This page is a snapshot from the LWG issues list, see the Library Active Issues List for more information and the meaning of C++17 status.

2460. LWG issue 2408 and value categories

Section: 21.3.8.7 [meta.trans.other], 25.3.2.3 [iterator.traits] Status: C++17 Submitter: Richard Smith Opened: 2014-11-19 Last modified: 2017-07-30

Priority: 2

View all other issues in [meta.trans.other].

View all issues with C++17 status.

Discussion:

LWG issue 2408(i) changes the meat of the specification of common_type to compute:

[…] the type, if any, of an unevaluated conditional expression (5.16) whose first operand is an arbitrary value of type bool, whose second operand is an xvalue of type T1, and whose third operand is an xvalue of type T2.

This has an effect on the specification that I think was unintended.
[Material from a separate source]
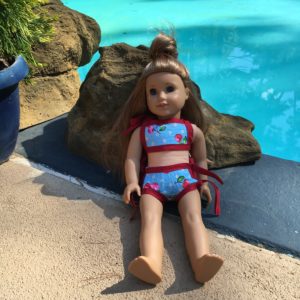 DIY bikini for american girl doll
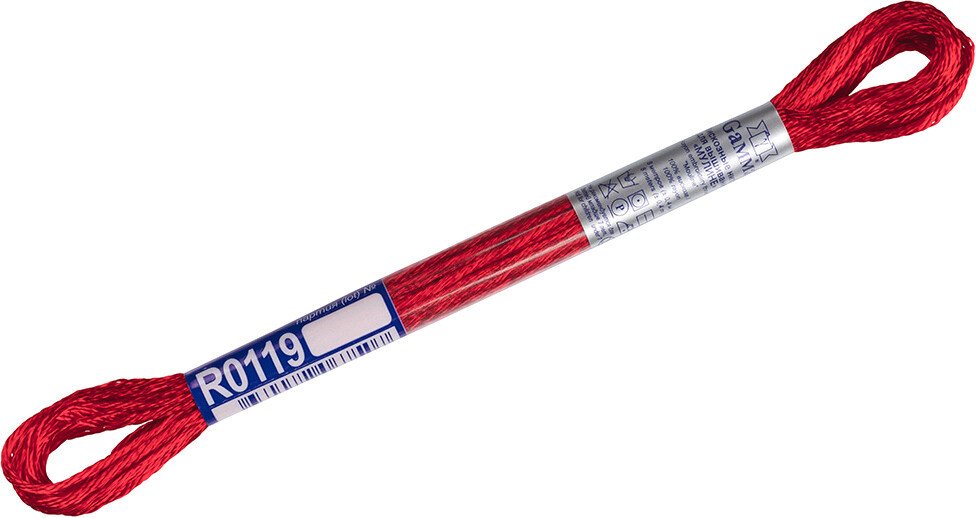 

Нитки для вышивания Gamma Мулине R0119 8 м (яр-красный)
It used to be the case that common_type<T&, U&&> would consider the type of a conditional between an lvalue of type T and an xvalue of type U. It's now either invalid (because there is no such thing as an xvalue of reference type) or considers the type of a conditional between an xvalue of type T and an xvalue of type U, depending on how you choose to read it.

Put another way, this has the effect of changing the usual definition from:

typedef decay_t<decltype(true ? declval<T>() : declval<U>())> type;

to:

typedef decay_t<decltype(true ? declval<remove_reference_t<T>>() : declval<remove_reference_t<U>>())> type;

It also makes common_type underspecified in the case where one of the operands is of type void; in that case, the resulting type depends on whether the expression is a throw-expression, which is not specified (but used to be).

Also on the subject of this wording: the changes to 25.3.2.3 [iterator.traits] say that iterator_traits<T> "shall have no members" in some cases. That's wrong. It's a class type; it always has at least a copy constructor, a copy assignment operator, and a destructor. Plus this removes the usual library liberty to add additional members with names that don't collide with normal usage (for instance, if a later version of the standard adds members, they can't be present here as a conforming extension). Perhaps this should instead require that the class doesn't have members with any of those five names? That's what 2408(i) does for common_type's type member.

[2016-08 Chicago]

This issue has two parts, one dealing with common_type, the other with iterator_traits. The first of these is resolved by 2465(i). See below for the proposed resolution for the other one.

Wed PM: Move to Tentatively Ready

Proposed resolution:

Change 25.3.2.3 [iterator.traits] p.2:

[…] as publicly accessible members and no other members:

[…]

Otherwise, iterator_traits<Iterator> shall have no members by any of the above names.